Could you transcribe exactly the lines below, from the line with "2018 Audi Q3" through the line with "4 Broches Osos", and nothing else, leaving out the pictures?

## Provided records:
####
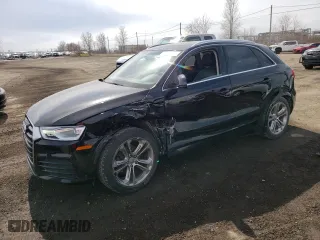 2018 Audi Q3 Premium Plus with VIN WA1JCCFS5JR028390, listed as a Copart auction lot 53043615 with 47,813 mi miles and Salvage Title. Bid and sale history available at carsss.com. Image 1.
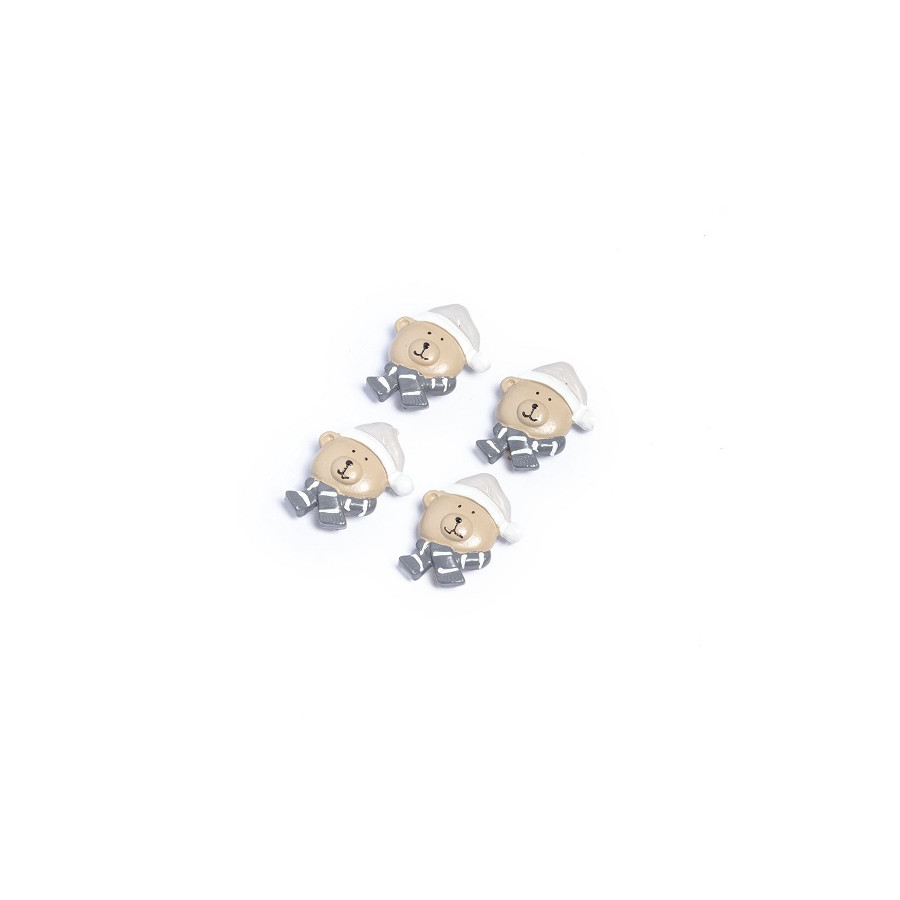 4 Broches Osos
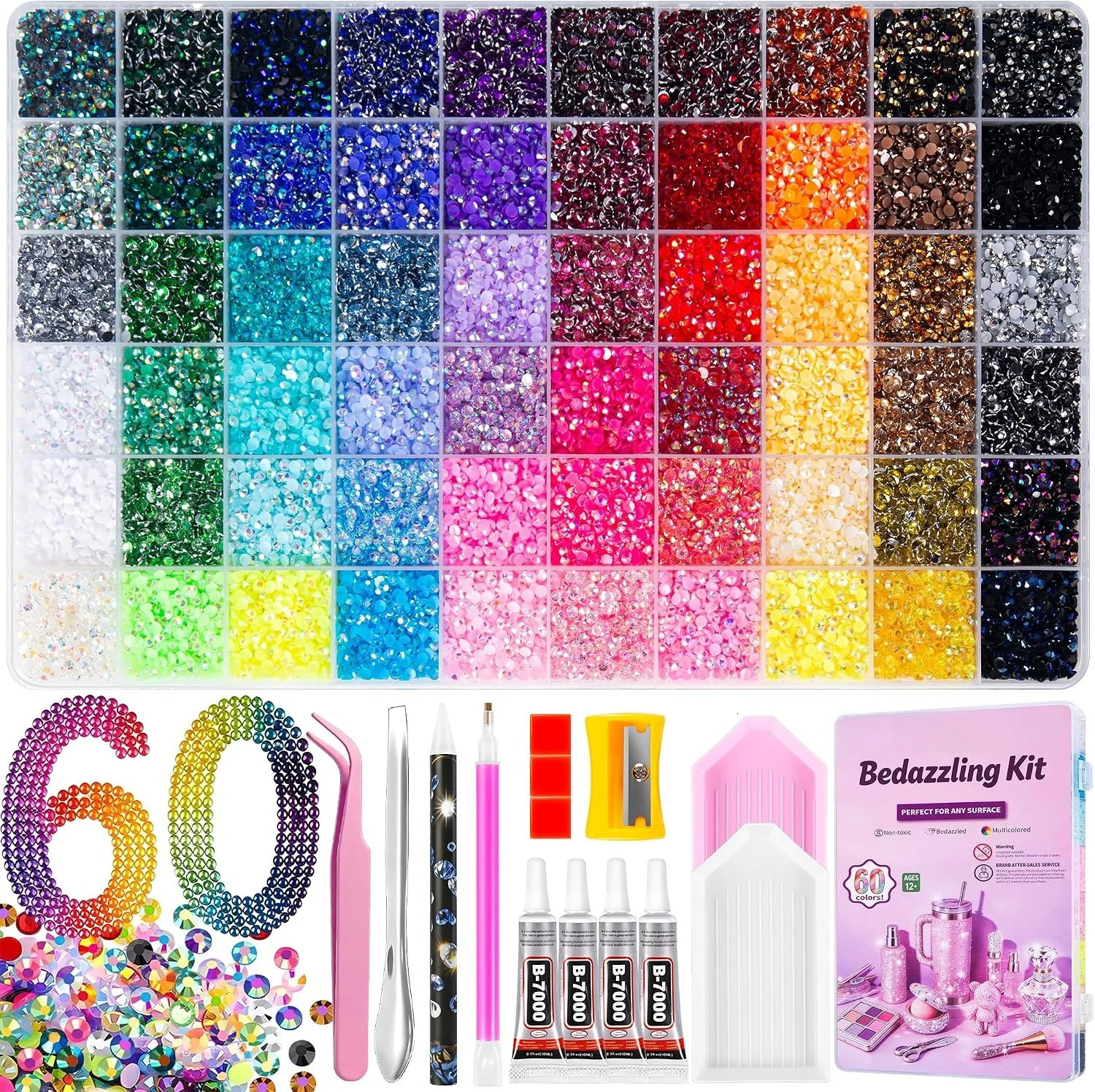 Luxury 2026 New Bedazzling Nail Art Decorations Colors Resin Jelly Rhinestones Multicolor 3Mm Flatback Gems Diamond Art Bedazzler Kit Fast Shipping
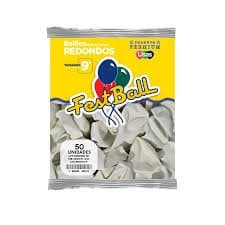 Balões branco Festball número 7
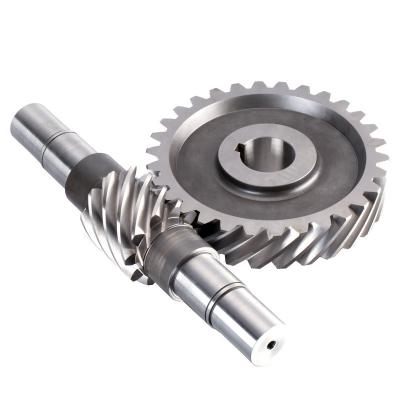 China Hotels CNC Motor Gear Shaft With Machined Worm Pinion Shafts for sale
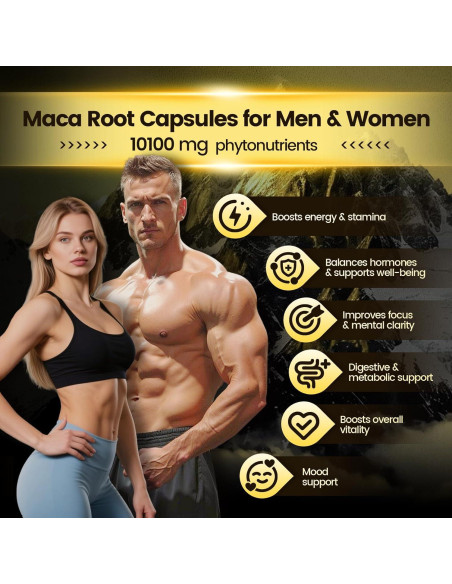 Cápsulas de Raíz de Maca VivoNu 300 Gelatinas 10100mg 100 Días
####
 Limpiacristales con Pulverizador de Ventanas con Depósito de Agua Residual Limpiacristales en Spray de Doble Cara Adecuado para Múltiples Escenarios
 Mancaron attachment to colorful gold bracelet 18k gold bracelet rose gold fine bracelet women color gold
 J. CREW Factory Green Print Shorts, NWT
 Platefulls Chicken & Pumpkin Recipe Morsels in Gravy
####
## Reply:
 2018 Audi Q3 Premium Plus with VIN WA1JCCFS5JR028390, listed as a Copart auction lot 53043615 with 47,813 mi miles and Salvage Title. Bid and sale history available at carsss.com. Image 1.
 4 Broches Osos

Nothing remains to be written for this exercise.